Where the line containing "TOTO 洗面化粧台 LDPB075BJGEN2A+LMPB075B1GDG1G工事セット" appears in the entries below, start there and print only that line and every line after it, exactly, through the end, excluding pictures.

Dataset entries

□ □ □ □ □

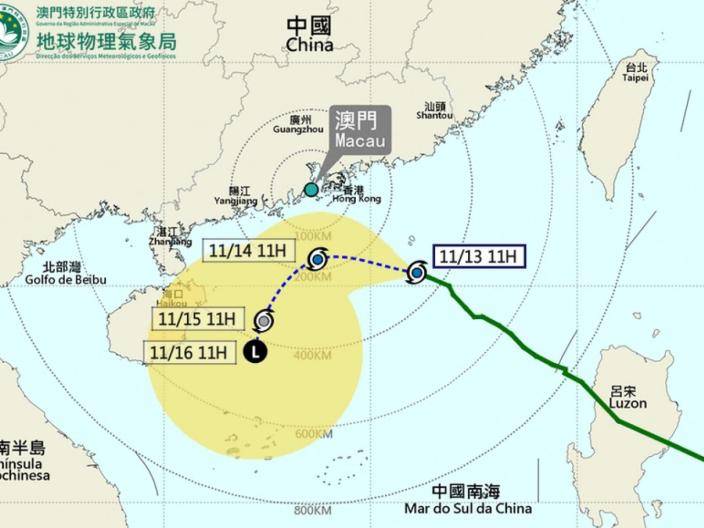 澳門氣象局網站截圖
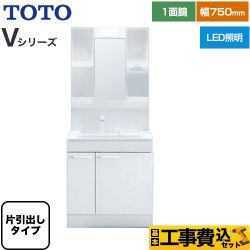 TOTO 洗面化粧台 LDPB075BJGEN2A+LMPB075B1GDG1G工事セット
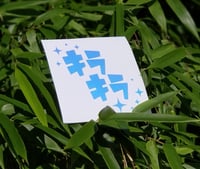 Image 2 of Kira Kira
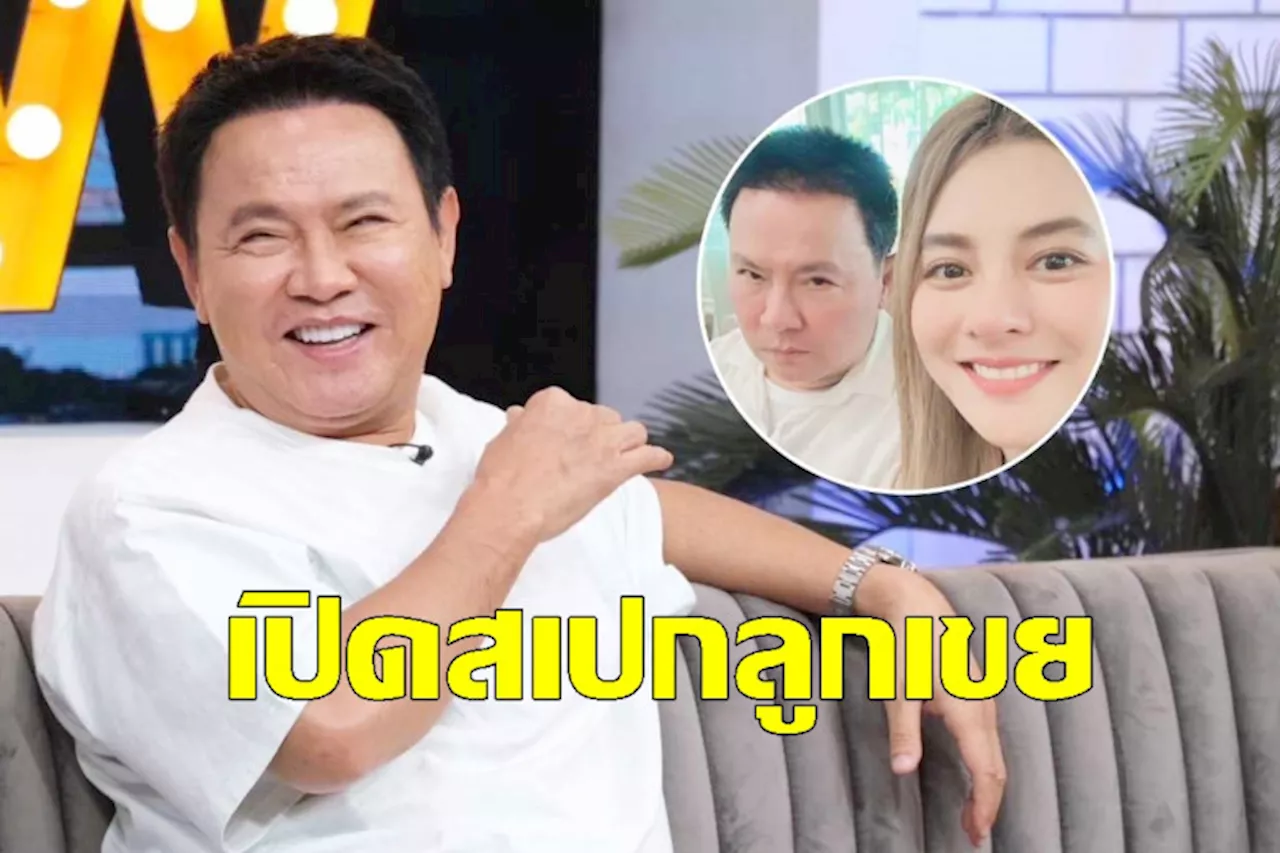 “จตุรงค์”เปิดสเปกลูกเขย เผยจ่ายเงินค่าฝากไข่ให้ “ใบเฟิร์น” เพราะอยากได้กรรมสิทธิ์หลาน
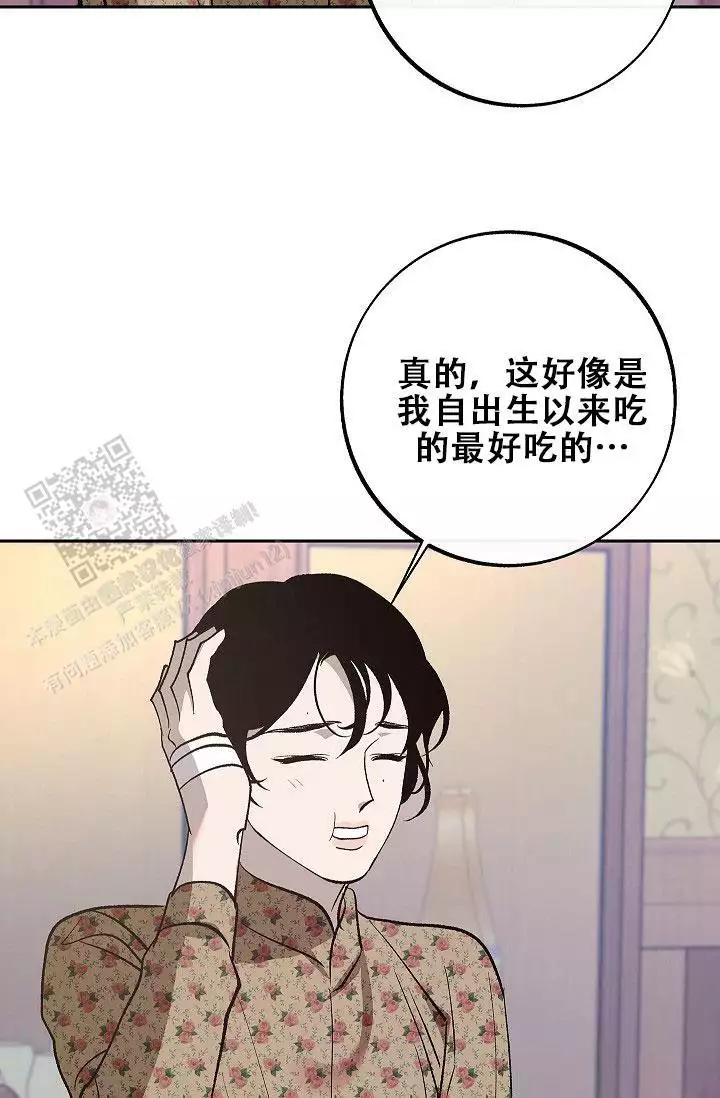 第5话24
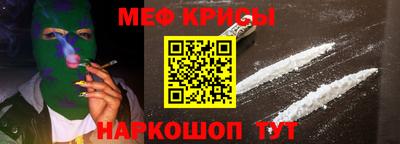 a pvp Тулун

□ □ □ □ □

ANSWER TO THIS TASK.
 TOTO 洗面化粧台 LDPB075BJGEN2A+LMPB075B1GDG1G工事セット
 Image 2 of Kira Kira
 “จตุรงค์”เปิดสเปกลูกเขย เผยจ่ายเงินค่าฝากไข่ให้ “ใบเฟิร์น” เพราะอยากได้กรรมสิทธิ์หลาน
 第5话24
 a pvp Тулун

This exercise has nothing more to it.